#### [Work item]
Your output must match the records below character for character.

#### [Extracted data]
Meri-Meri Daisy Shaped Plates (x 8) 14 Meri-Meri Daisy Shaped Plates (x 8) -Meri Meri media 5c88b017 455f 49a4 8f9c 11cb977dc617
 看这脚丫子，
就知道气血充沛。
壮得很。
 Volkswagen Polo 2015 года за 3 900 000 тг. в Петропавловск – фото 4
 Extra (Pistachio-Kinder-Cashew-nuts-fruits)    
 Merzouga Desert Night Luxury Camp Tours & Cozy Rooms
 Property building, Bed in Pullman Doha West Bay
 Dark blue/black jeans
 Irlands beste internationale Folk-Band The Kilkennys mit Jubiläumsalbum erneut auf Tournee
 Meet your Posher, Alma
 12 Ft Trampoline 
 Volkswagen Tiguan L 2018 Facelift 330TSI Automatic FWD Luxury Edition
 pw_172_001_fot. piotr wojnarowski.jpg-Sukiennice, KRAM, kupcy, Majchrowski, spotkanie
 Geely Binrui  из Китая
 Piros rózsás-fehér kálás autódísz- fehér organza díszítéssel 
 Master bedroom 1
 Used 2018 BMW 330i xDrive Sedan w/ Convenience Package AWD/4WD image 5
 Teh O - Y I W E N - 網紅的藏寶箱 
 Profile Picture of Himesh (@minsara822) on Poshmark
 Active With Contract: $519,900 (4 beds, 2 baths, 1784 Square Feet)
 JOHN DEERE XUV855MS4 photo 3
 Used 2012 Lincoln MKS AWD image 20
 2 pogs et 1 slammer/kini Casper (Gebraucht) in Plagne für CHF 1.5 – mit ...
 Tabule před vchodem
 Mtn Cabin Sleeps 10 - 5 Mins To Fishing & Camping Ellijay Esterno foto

#### [Response for this exercise]
Meri-Meri Daisy Shaped Plates (x 8) 14 Meri-Meri Daisy Shaped Plates (x 8) -Meri Meri media 5c88b017 455f 49a4 8f9c 11cb977dc617
 看这脚丫子，
就知道气血充沛。
壮得很。
 Volkswagen Polo 2015 года за 3 900 000 тг. в Петропавловск – фото 4
 Extra (Pistachio-Kinder-Cashew-nuts-fruits)    
 Merzouga Desert Night Luxury Camp Tours & Cozy Rooms
 Property building, Bed in Pullman Doha West Bay
 Dark blue/black jeans
 Irlands beste internationale Folk-Band The Kilkennys mit Jubiläumsalbum erneut auf Tournee
 Meet your Posher, Alma
 12 Ft Trampoline 
 Volkswagen Tiguan L 2018 Facelift 330TSI Automatic FWD Luxury Edition
 pw_172_001_fot. piotr wojnarowski.jpg-Sukiennice, KRAM, kupcy, Majchrowski, spotkanie
 Geely Binrui  из Китая
 Piros rózsás-fehér kálás autódísz- fehér organza díszítéssel 
 Master bedroom 1
 Used 2018 BMW 330i xDrive Sedan w/ Convenience Package AWD/4WD image 5
 Teh O - Y I W E N - 網紅的藏寶箱 
 Profile Picture of Himesh (@minsara822) on Poshmark
 Active With Contract: $519,900 (4 beds, 2 baths, 1784 Square Feet)
 JOHN DEERE XUV855MS4 photo 3
 Used 2012 Lincoln MKS AWD image 20
 2 pogs et 1 slammer/kini Casper (Gebraucht) in Plagne für CHF 1.5 – mit ...
 Tabule před vchodem
 Mtn Cabin Sleeps 10 - 5 Mins To Fishing & Camping Ellijay Esterno foto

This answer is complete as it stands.